A short proof of Tuza's conjecture for weak saturation in hypergraphs
Nikolai Terekhov
TL;DR
The paper addresses the asymptotic behaviour of the weak saturation number $\mathrm{wsat}(n,H)$ for $r$-uniform hypergraphs by proving Tuza's conjecture with a shorter argument. It leverages Rödl's covering-type theorem to assemble small $\mathrm{wSAT}$ constructions into a large one on $[n]$ and develops a direct induction to show any remaining missing edge completes a copy of $H$, all while avoiding the $T_{r,h,s}$-template saturation technique.
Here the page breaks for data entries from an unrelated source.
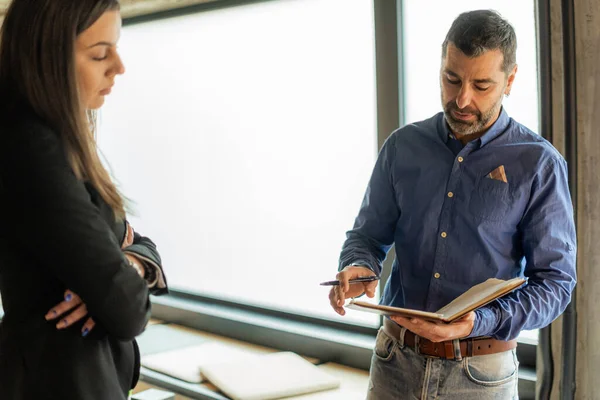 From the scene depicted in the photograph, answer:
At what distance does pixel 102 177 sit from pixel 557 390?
4.82ft

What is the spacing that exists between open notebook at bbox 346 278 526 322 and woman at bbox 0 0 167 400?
1.69 feet

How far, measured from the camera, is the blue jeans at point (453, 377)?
1.72 meters

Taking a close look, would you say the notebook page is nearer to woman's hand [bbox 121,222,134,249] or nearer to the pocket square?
the pocket square

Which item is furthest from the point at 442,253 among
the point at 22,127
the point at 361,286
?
the point at 22,127

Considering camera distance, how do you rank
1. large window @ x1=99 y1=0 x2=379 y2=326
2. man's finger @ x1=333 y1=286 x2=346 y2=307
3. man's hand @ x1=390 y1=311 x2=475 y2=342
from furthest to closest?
large window @ x1=99 y1=0 x2=379 y2=326 → man's finger @ x1=333 y1=286 x2=346 y2=307 → man's hand @ x1=390 y1=311 x2=475 y2=342

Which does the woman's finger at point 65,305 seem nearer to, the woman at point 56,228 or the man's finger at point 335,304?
the woman at point 56,228

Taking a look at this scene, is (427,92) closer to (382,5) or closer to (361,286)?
(382,5)

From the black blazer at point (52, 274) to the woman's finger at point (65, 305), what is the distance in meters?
0.02

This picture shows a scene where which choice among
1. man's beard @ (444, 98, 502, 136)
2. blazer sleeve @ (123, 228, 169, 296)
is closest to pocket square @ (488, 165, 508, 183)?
man's beard @ (444, 98, 502, 136)

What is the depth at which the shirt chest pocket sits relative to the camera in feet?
5.70

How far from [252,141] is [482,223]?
1766mm

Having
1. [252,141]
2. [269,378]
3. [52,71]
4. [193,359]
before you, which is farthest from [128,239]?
[252,141]

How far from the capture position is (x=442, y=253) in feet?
5.88

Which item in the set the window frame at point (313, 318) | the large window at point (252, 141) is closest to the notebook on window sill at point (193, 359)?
the window frame at point (313, 318) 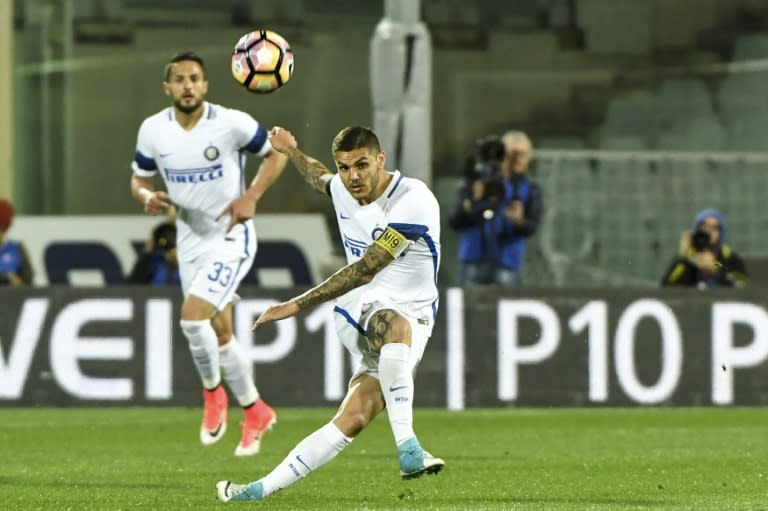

The main result establishes the existence of the limit $\lim_{n\to\infty} \mathrm{wsat}(n,H)/\binom{n-v}{s-1}$ (where $v=|V(H)|$ and $s=s(H)$) and yields the asymptotic form $\mathrm{wsat}(n,H)=C_H\binom{n-v}{s-1}(1+o(1))$ with a positive constant $C_H$, thereby confirming Tuza's conjecture in a streamlined fashion. This simplification enhances understanding of the growth rate of weak saturation in hypergraphs and provides a more accessible route to the asymptotic characterization of $\mathrm{wsat}(n,H)$.
Abstract
Given an $r$-uniform hypergraph $H$ and a positive integer $n$, the weak saturation number $\mathrm{wsat}(n,H)$ is the minimum number of edges in an $r$-uniform hypergraph $F$ on $n$ vertices such that the missing edges in $F$ can be added, one at a time, so that each added edge creates a copy of $H$. Shapira and Tyomkyn (Proceedings of the American Mathematical Society, 2023) proved Tuza's conjecture on asymptotic behaviour of $\mathrm{wsat}(n, H)$. In this paper we provide a significantly shorter proof of the conjecture.